DETAILED ACTION
Notice of Pre-AIA  or AIA  Status
1.	The present application, filed on or after March 16, 2013, is being examined under the first inventor to file provisions of the AIA .

Response to Amendment
2.	According to paper filed July 23rd 2021, claims 1-14 are pending for examination with a November 29th 2016 priority date under 35 USC §317.
	According to the present Amendment, claims 1 and 3-12 are amended. Claim 2 is canceled and claims 13-14 are newly added.
	In view of the present Amendment, rejection to claim 11 under 35 USC §112(d) is withdrawn.

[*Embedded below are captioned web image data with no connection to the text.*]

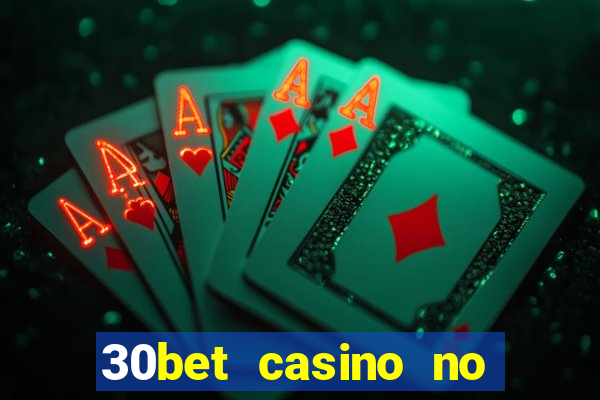 30bet casino no deposit bonus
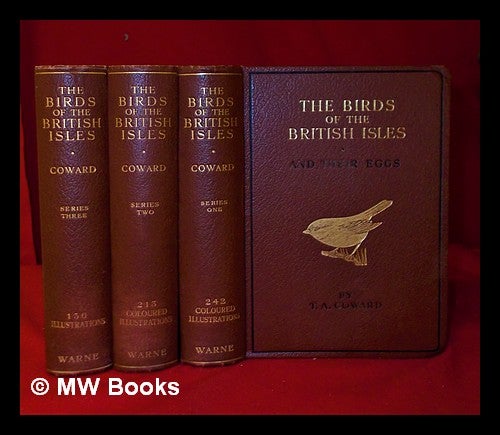Item #318440 The Birds of the British Isles and their Eggs by T.A. Coward/ In Three Volumes; including many coloured illustrations by Archibald Thorburn and others. T. A. Coward, Thomas Alfred.
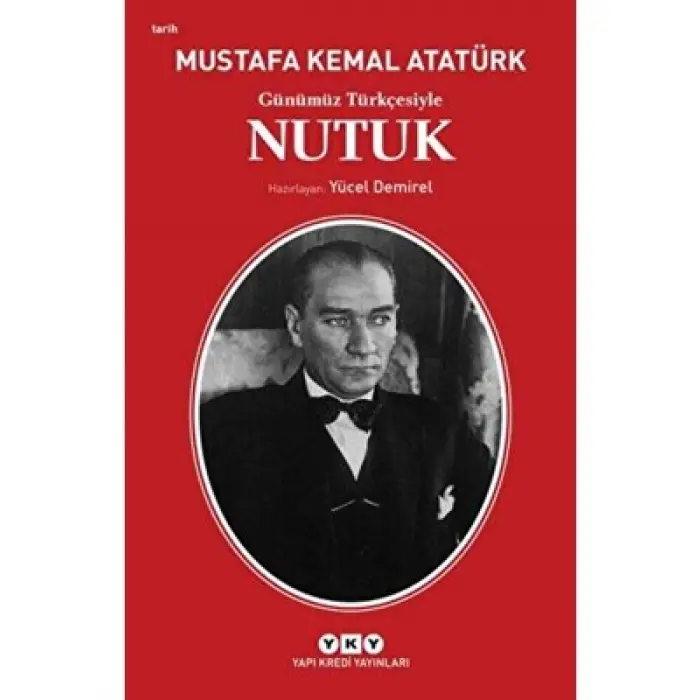 Günümüz Türkçesiyle Nutuk Yapı Kredi Yayınları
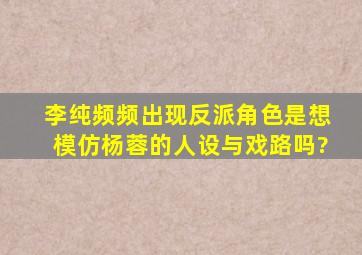 李纯频频出现反派角色,是想模仿杨蓉的人设与戏路吗?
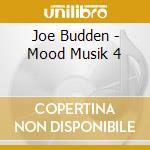 Joe Budden - Mood Musik 4 cd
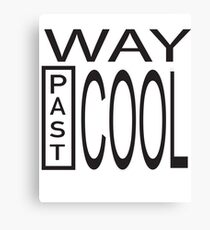 Way Past COOL! Canvas Print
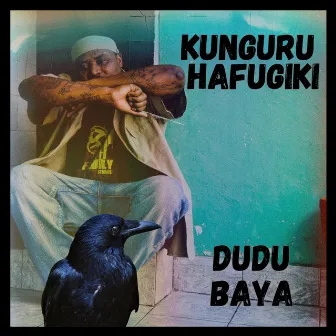 Kunguru Hafugiki by Dudu Baya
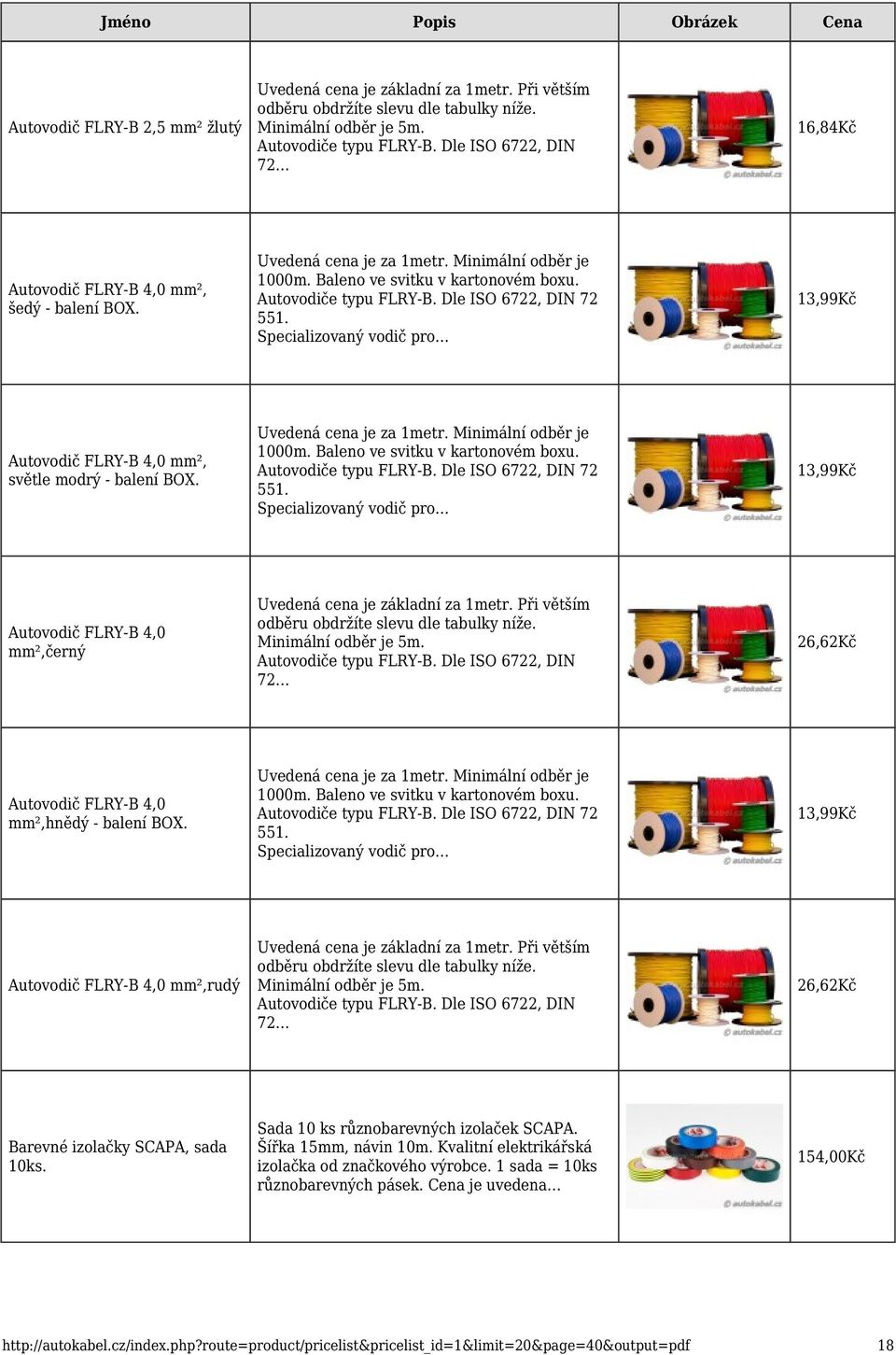 Specializovaný vodič pro 13,99Kč Autovodič FLRY-B 4,0 mm²,černý Minimální odběr je 5m. 26,62Kč Autovodič FLRY-B 4,0 mm²,hnědý - balení BOX. Uvedená cena je za 1metr. Minimální odběr je 1000m.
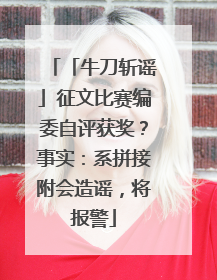 「牛刀斩谣」征文比赛编委自评获奖？事实：系拼接附会造谣，将报警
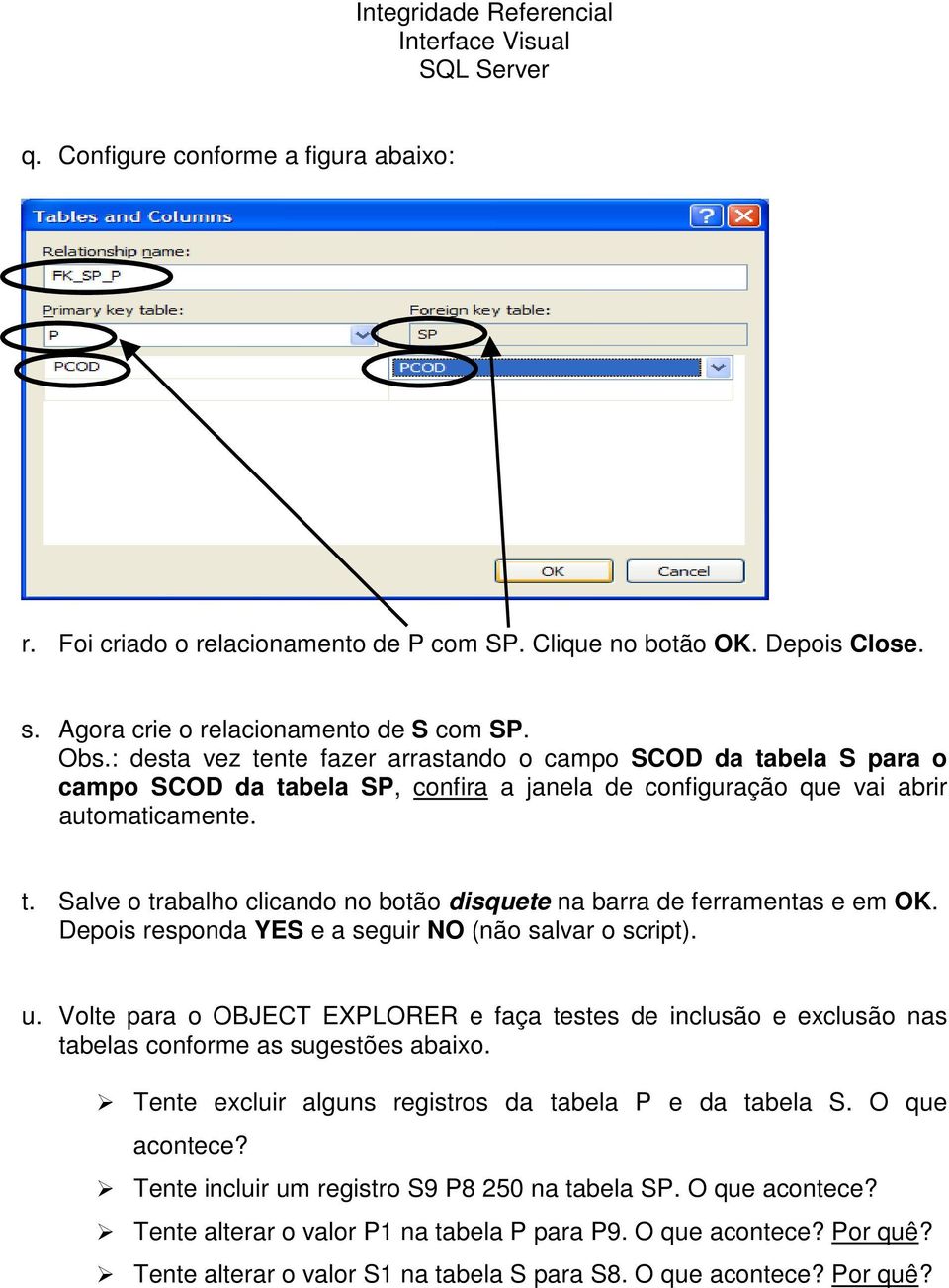 Depois responda YES e a seguir NO (não salvar o script). u. Volte para o OBJECT EXPLORER e faça testes de inclusão e exclusão nas tabelas conforme as sugestões abaixo.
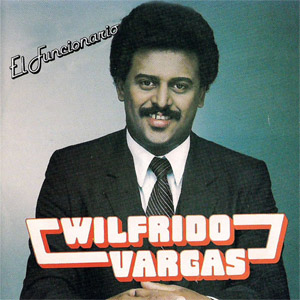 Disco El Funcionario de Wilfrido Vargas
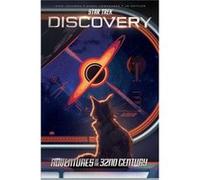 Star Trek DiscoveryAdventures in the 32nd Century by Angel Hernandez Angel Hernandez (Auteur)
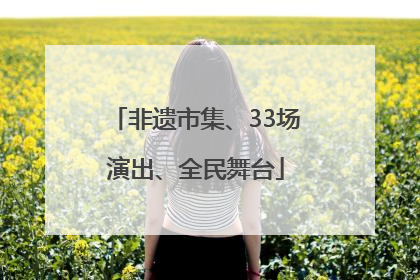非遗市集、33场演出、全民舞台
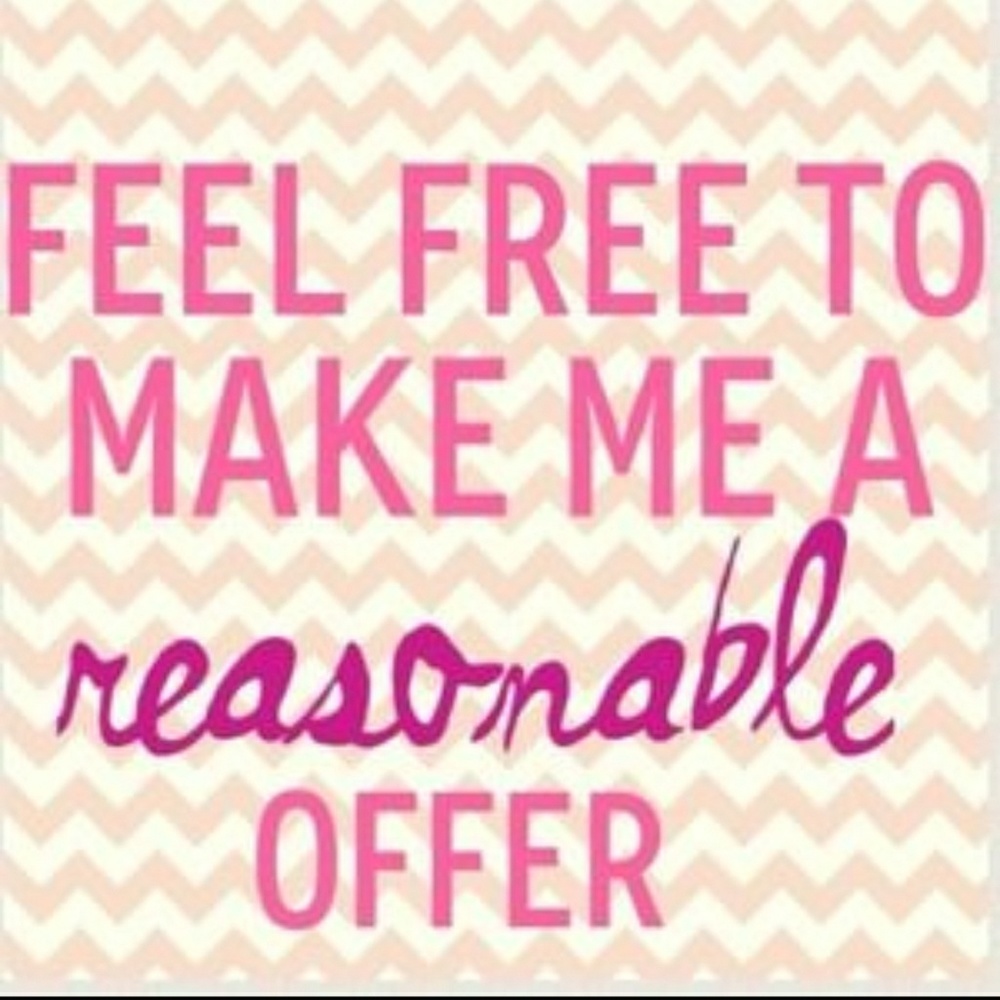 Feel free to make me a REASONABLE offer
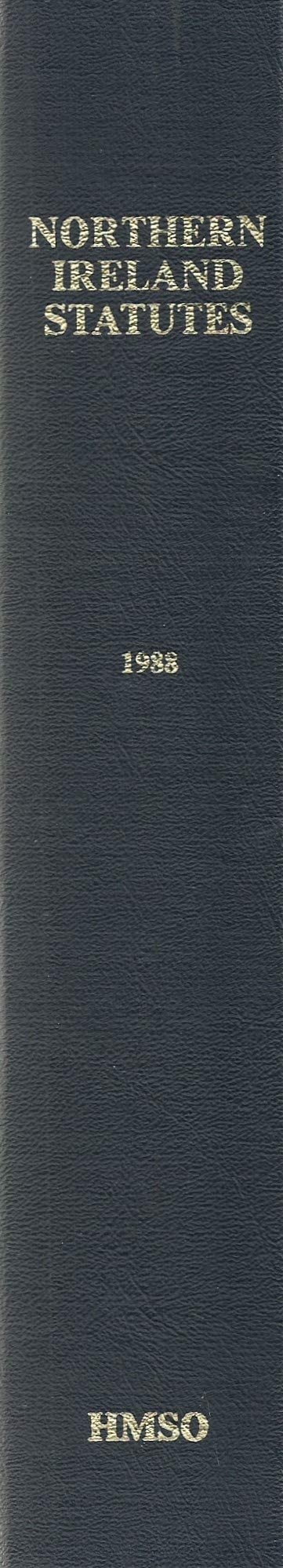 Northern Ireland Statutes 1988: [Binder]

Claim Rejections - 35 USC § 103
3.	In the event the determination of the status of the application as subject to AIA  35 U.S.C. §102 and §103 (or as subject to pre-AIA  35 U.S.C. §102 and §103) is incorrect, any correction of the statutory basis for the rejection will not be considered a new ground of rejection if the prior art relied upon, and the rationale supporting the rejection, would be the same under either status.
4.	The following is a quotation of 35 U.S.C. §103 which forms the basis for all obviousness rejections set forth in this Office action:
A patent for a claimed invention may not be obtained, notwithstanding that the claimed invention is not identically disclosed as set forth in section 102, if the differences between the claimed invention and the prior art are such that the claimed invention as a whole would have been obvious before the effective filing date of the claimed invention to a person having ordinary skill in the art to which the claimed invention pertains. Patentability shall not be negated by the manner in which the invention was made.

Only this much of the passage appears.